Il y a près de dix ans, des dizaines de Marocains sont venus témoigner dans les médias et en public des souffrances qui leur avaient été infligées durant les années de plomb. Sous l’égide de l’Instance équité et réconciliation (IER), instituée par le roi Mohammed VI en janvier 2004, il s’agissait de faire la lumière sur la répression, les disparitions, les tortures et les détentions arbitraires survenues sous le long règne du roi Hassan II, entre son accession au pouvoir en 1956 et sa mort en 1999.
Les auditions des victimes, ouvertes aux journalistes nationaux et étrangers et retransmises par la radio et la télévision, devaient permettre aux victimes et à leurs proches de témoigner devant l’opinion marocaine. Outre l’indemnisation des victimes et de leurs ayants droit (9 000 dossiers au total), l’IER devait imaginer des formes originales de réparation permettant aux anciens détenus de se réinsérer, proposer des mesures pour prévenir les récidives d’atteinte aux droits de l’homme de la part de l’État et des agents de l’ordre public, et jeter les fondements d’un ordre démocratique. Ce travail d’investigation, de recherche, d’évaluation et d’arbitrage a permis de restituer une mémoire occultée et d’entamer un travail d’écriture de l’histoire des années de plomb, qui se poursuit depuis. Il s’agit moins de tourner une page, aussi douloureuse fut-elle, ou de régler des comptes que d’intégrer la dimension répressive de cette période dans l’histoire marocaine.

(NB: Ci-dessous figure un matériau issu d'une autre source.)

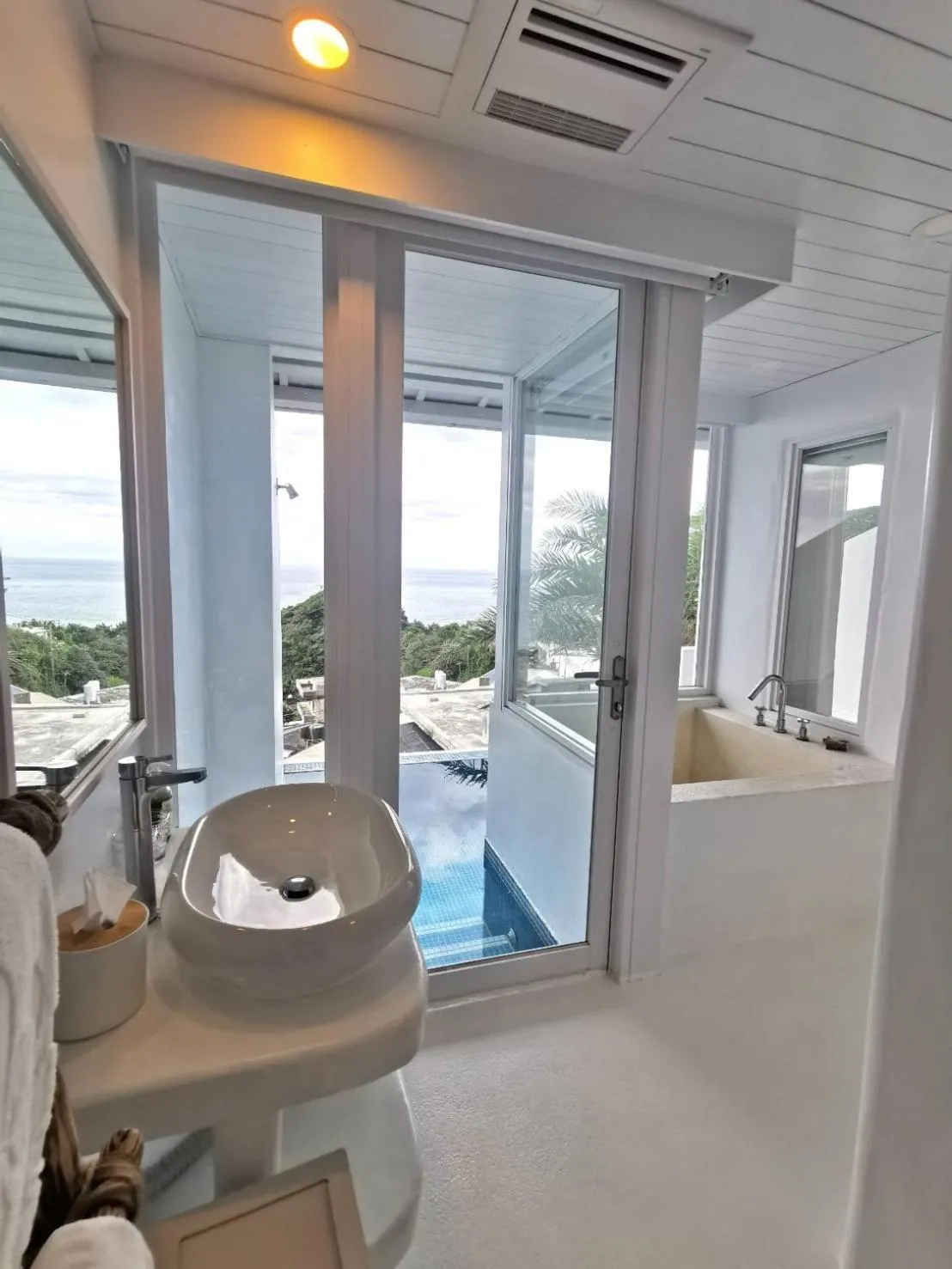 Bathroom in Ample Villa 小希臘民宿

Plusieurs recommandations de l’IER ont été prises en compte dans le droit positif : réforme des codes des libertés publiques, des procédures pénales, de la famille, de la presse, ainsi que l’organisation des établissements pénitentiaires ; lois sur les partis, l’état civil et l’adoption. Le Parlement a par ailleurs voté une loi sur la lutte contre la torture reprenant les normes internationales en la matière. Elle prévoit des sanctions contre les agents de l’État qui se rendraient coupables de torture ou de mauvais traitement. Enfin, dans une approche originale, des réparations communautaires (programmes de développement économiques et culturels) ont été prévues en faveur des communautés et des régions et communautés qui estimaient avoir souffert collectivement de la répression.
Cette rupture dans la culture de l’impunité s’est cependant arrêtée au milieu du gué, en raison du refus des autorités de laisser identifier publiquement les responsables des actes incriminés, officiers et fonctionnaires, ou de les poursuivre en justice. Une amnistie générale a en effet été décrétée. Même si elle ne s’est pas accompagnée de procès contre les tortionnaires au service de l’ancien monarque – au risque de voir de nouveau émerger la mémoire historique dans l’espace public comme en Espagne –, la dimension symbolique de la démarche marocaine était importante. Plusieurs pays arabes : Tunisie, Égypte, Libye veulent s’inspirer de cette expérience pour tourner la page noire de leur passé récent et enclencher le cercle vertueux de la démocratie.
L’arrivée des islamistes au pouvoir, à Rabat, n’a pas bouleversé la donne, malgré les inquiétudes qu’elle a suscitées dans la classe politique et parmi les démocrates. Le souverain qui a initié le processus et la société civile qui l’a adopté y veillent.